1 Introduction
This document is mainly constructed using different references, including :
- books : Briggs (2013), Grus (2015), VanderPlas (2016), McKinney (2017) ;
- (excellents) notebooks : Navaro (2018).
1.1 Background information
Python is a multiplatform programming language, written in C
, under a free license. It is an interpreted language, i.e., it requires an interpreter to execute commands, and has no compilation phase. Its first public version dates from 1991. The main programmer, Guido van Rossum, had started working on this programming language in the late 1980s. The name given to the Python language comes from the interest of its main creator in a British television series broadcast on the BBC called “Monty Python’s Flying Circus”.
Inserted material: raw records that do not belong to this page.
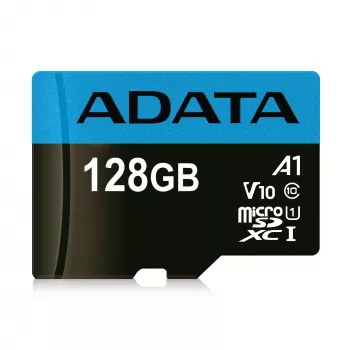 MicroSDXC Flash pamäť ADATA 128 GB UHS‑I Class 10 — 85 MB/s čítanie, 25 MB/s zápis, vodotesná, s SD adaptérom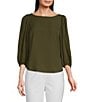 Color:Olive - Image 1 - Woven Georgette Boat Neck 3/4 Sleeve Lori Blouse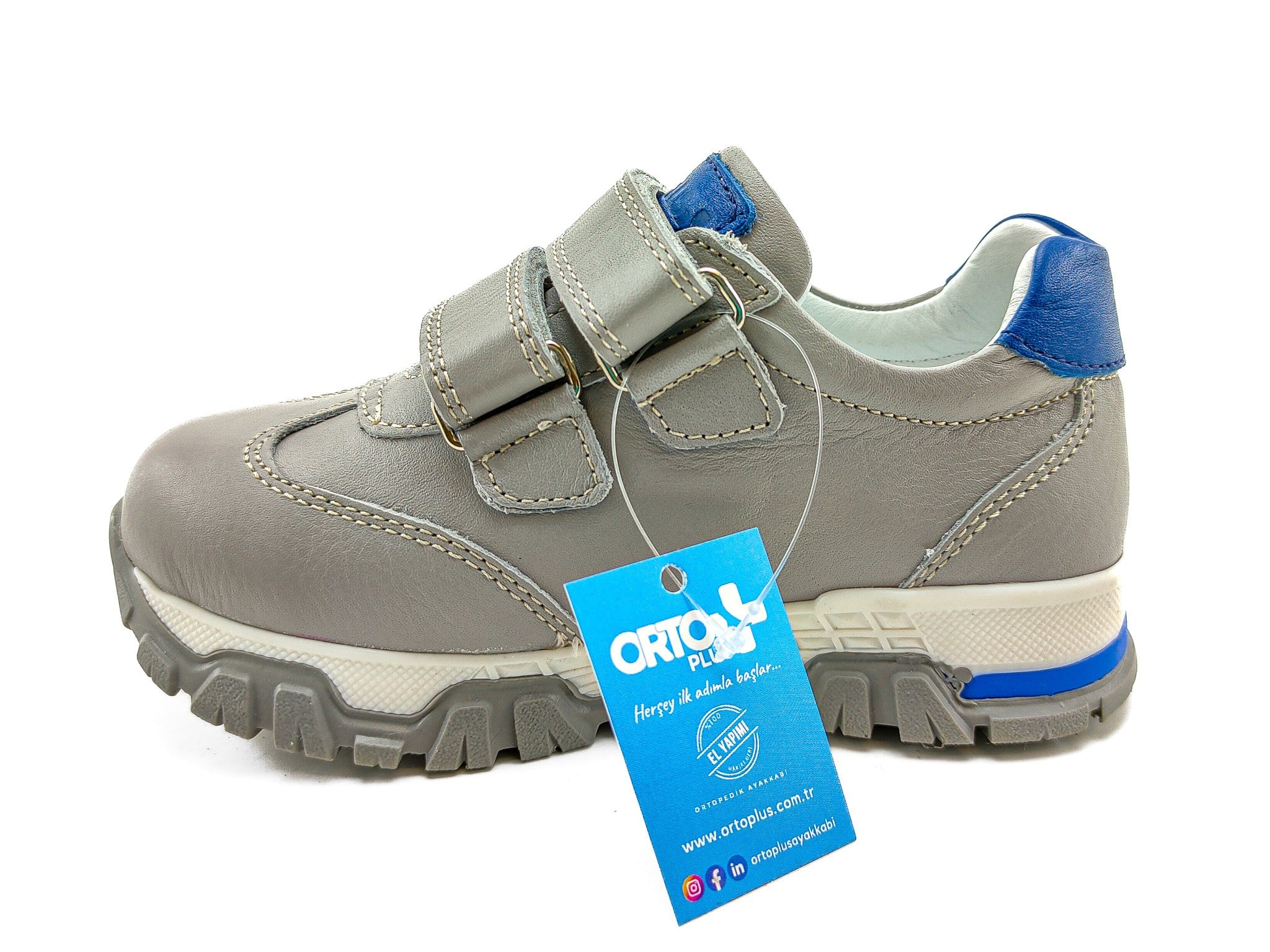 Ortoplus Ortopedik Deri Çocuk Spor Ayakkabı F C268-1 GRİ-LACİ - OrtoPlus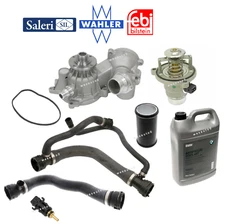 Water Pump Thermostat Upper Lower Hose Sensor Coolant Kit OES For BMW 745i 745Li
The popularity of Python has grown strongly in recent years, as confirmed by the survey results provided since 2011 by Stack Overflow. Stack Overflow offers its users the opportunity to complete a survey in which they are asked many questions to describe their experience as a developer. The results of the 2019 survey show a new breakthrough in the use of Python by developers. As shown in Figure 1.1 41.1% of respondents indicate that they develop in Python, i.e., 2.3 percentage points higher than a year earlier.
1.2 Versions
These course notes are intended to provide an introduction to Python, version 3.x. In this sense, the examples provided will correspond to this version, not to the previous ones.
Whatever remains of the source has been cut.